As we shared alongside Google
on September 24 of last year, online account hijacking continues to grow across all email services, regardless of provider. To help protect our Hotmail customers, we’ve introduced a number of new features and technologies to safeguard accounts, including new methods
of proving ownership like single-use codes
and trusted PCs, trusted senders in the inbox, full-session SSL encryption
, and more. And at a broader level, Microsoft also continues to hunt down cyber-criminals and illegal botnets that generate billions of spam messages daily, and shut them down
Most people know that banks and credit card companies monitor usage patterns for suspicious activity -- and many people have had their financial institutions briefly suspend their accounts and contact them to double-check account activity and ensure the rightful owner is still in charge.
At Hotmail, we also monitor for strange activity (like sending a lot of email that is reported as spam) and contact our customers if we see issues. And in our network of over 1 billion email accounts, unfortunately, a few customers run into this problem every day.
If this happens to you, here’s how you’ll know.
- The next time you sign in to Hotmail or one of our other websites, you will be asked to complete a few simple steps to verify your identity, change your password (as a precaution), and then double check all of your information to ensure that nobody else has changed anything without your knowledge. We call this the account recovery wizard, and in addition to verifying that you are you, we also encourage you to add extra pieces of information to your account to make it even more secure (we call these “proofs”). Adding a mobile phone number, alternate email, or trusted PC makes it harder for criminals to access your account and easier for you to recover if they do.
- If you access Hotmail using a program like Outlook, Windows Live Mail, or software on your mobile phone, you will see an error (usually that there is a problem with your username or password). You will need to log in online at www.hotmail.com to see if your account has a problem and access the account recovery wizard. If you see your inbox, then you weren’t compromised and can continue as normal.
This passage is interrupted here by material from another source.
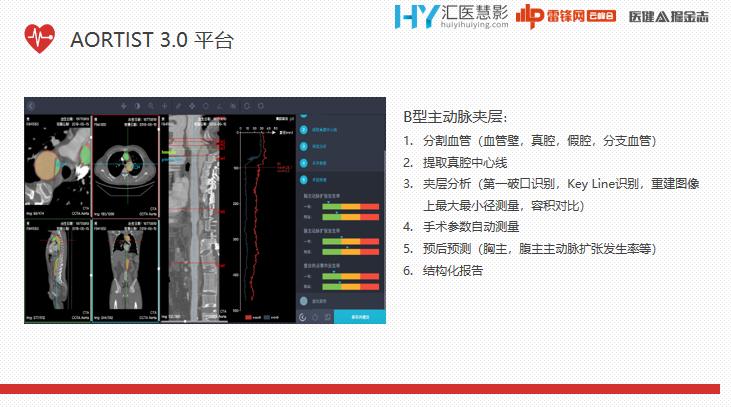 ai辅助医生心血管疾病诊断效率,ai技术治疗心血管疾病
If you do find out that your account has been compromised, don’t worry. We’ll fix it. Below is a video showing the account recovery wizard and then another demonstrating how you can add proofs to your account to help prevent this in the future.
Most people should be able to recover their account in just a few minutes by answering a few questions or using their alternative email address or mobile phone. If you run into issues, we do have support agents online to help at https://www.windowslivehelp.com/PasswordReset.aspx
. But it’s usually only a few minutes to recover your account yourself – so try that first before asking support to help.
Most often, the source of the compromise is a virus or malware that record keystrokes to steal passwords. Keep in mind that even if your PC is safe, your friend’s PC (or that PC at the hotel on a business trip) may not be.
The good news is that you can protect yourself! Be sure to update your virus software on your PCs (you can download free antivirus software at the Microsoft Security Essentials website
), and when you use a PC that isn’t yours, consider logging in with a one-time code
. For additional steps you should take to secure your account, please follow these steps from the Windows Live Hotmail Help Center
When it comes to account security, Hotmail—and Microsoft—are dedicated to doing all we can to help protect your Hotmail account from thieves. While it’s fun and exciting to develop and launch new features that people on Hotmail love—like our integration with Office or Sweep—our number one priority is the security of your account.